There is a list of propositions discussed so far in this site.
Main Body
1: Description
For any finite number of sets, \(S_{1, i}\) and \(S_{2, i}\) where \(i = 1, 2, . . ., k\), any corresponding number of maps, \(f_i: S_{1, i} \rightarrow S_{2, i}\), the product map of the maps, \(f_{k + 1}: S_{1, 1} \times S_{1, 2} \times . . . \times S_{1, k} \rightarrow S_{2, 1} \times S_{2, 2} \times . . . \times S_{2, k} = (f_1, f_2, . . ., f_k)\), and any corresponding number of subsets, \(S_{3, i} \subseteq S_{2, i}\), the preimage of the product subsets, \(S_{3, 1} \times S_{3, 2} \times . . . \times S_{3, k}\) by the product map, \(f_{k + 1}^{-1} (S_{3, 1} \times S_{3, 2} \times . . . \times S_{3, k})\), equals the product of the preimages of the subsets by the component maps, \(f_1^{-1} (S_{3, 1}) \times f_2^{-1} (S_{3, 2}) \times . . . \times f_k^{-1} (S_{3, k})\), which is \(f_{k + 1}^{-1} (S_{3, 1} \times S_{3, 2} \times . . . \times S_{3, k}) = f_1^{-1} (S_{3, 1}) \times f_2^{-1} (S_{3, 2}) \times . . . \times f_k^{-1} (S_{3, k})\).
2: Proof
For any element, \(p = (p_1, p_2, . . ., p_k) \in f_{k + 1}^{-1} (S_{3, 1} \times S_{3, 2} \times . . . \times S_{3, k})\), \(f_{k + 1} (p) = (f_1 (p_1), f_2 (p_2), . . ., f_k (p_k)) \in S_{3, 1} \times S_{3, 2} \times . . . \times S_{3, k}\), so, \(f_i (p_i) \in S_{3, i}\), so, \(p_i \in f_i^{-1} (S_{3, i})\), so, \(p = (p_1, p_2, . . ., p_k) \in f_1^{-1} (S_{3, 1}) \times f_2^{-1} (S_{3, 2}) \times . . . \times f_k^{-1} (S_{3, k})\).

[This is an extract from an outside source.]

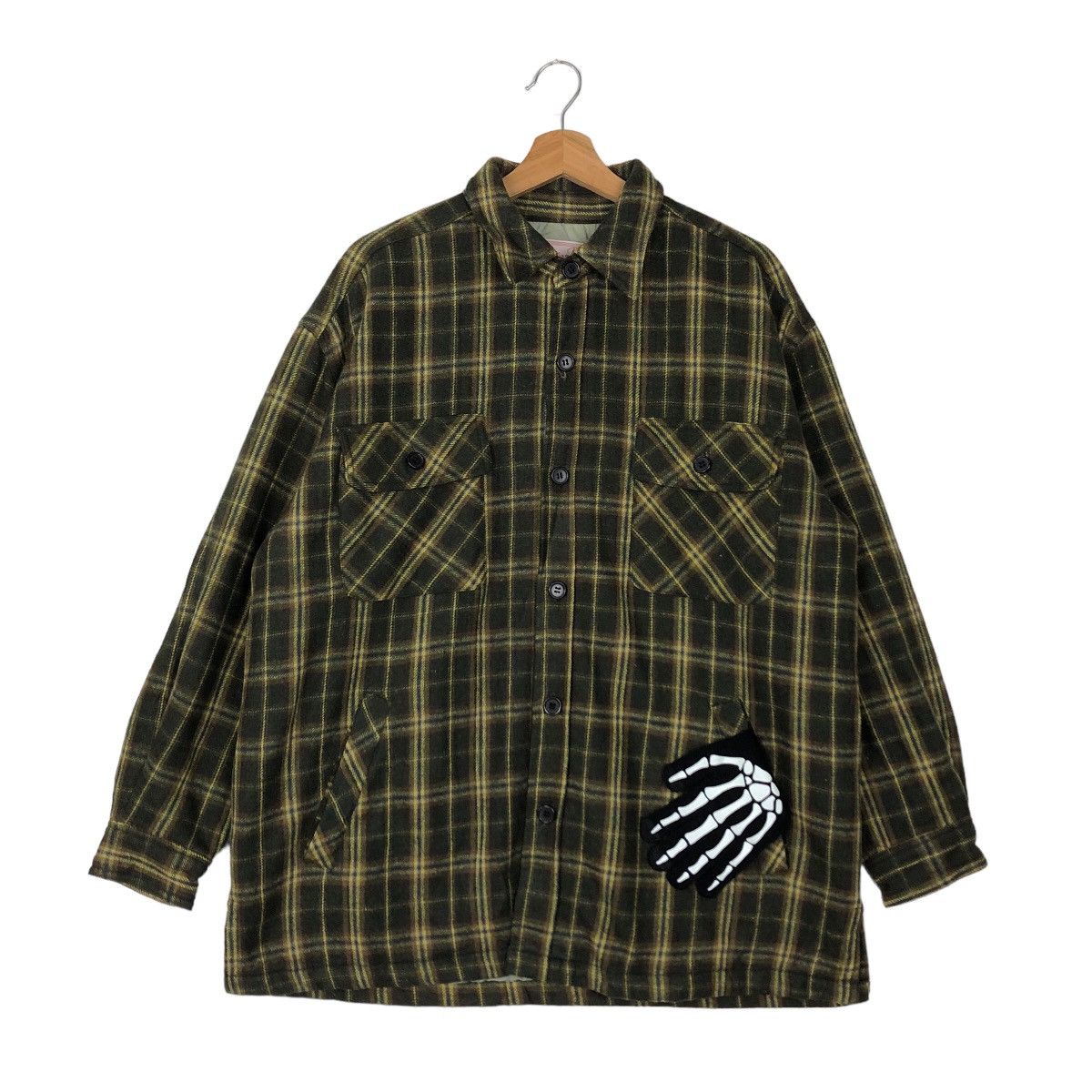 VINTAGE FLANNEL JACKET TARTAN DESIGN SALLENA PIEO JAPAN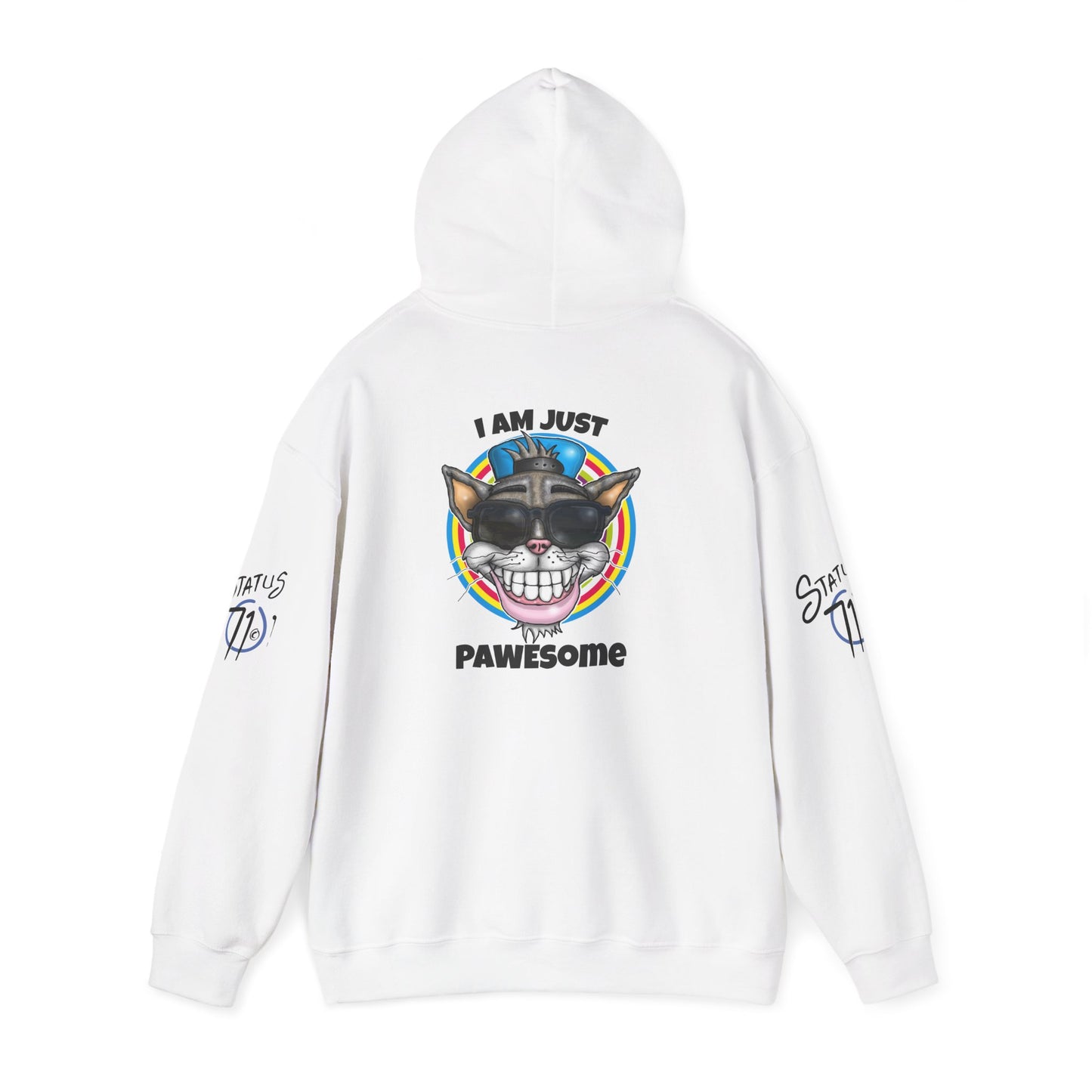 Funny 'I Am Just Pawesome' Cat Hoodie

For any element, \(p = (p_1, p_2, . . ., p_k) \in f_1^{-1} (S_{3, 1}) \times f_2^{-1} (S_{3, 2}) \times . . . \times f_k^{-1} (S_{3, k})\), \(f_{k + 1} (p) = (f_1 (p_1), f_2 (p_2), . . ., f_k (p_k))\), but \(f_i (p_i) \in S_{3, i}\), so, \(f_{k + 1} (p) \in S_{3, 1} \times S_{3, 2} \times . . . \times S_{3, k}\), so, \(p \in f_{k + 1}^{-1} (S_{3, 1} \times S_{3, 2} \times . . . \times S_{3, k})\).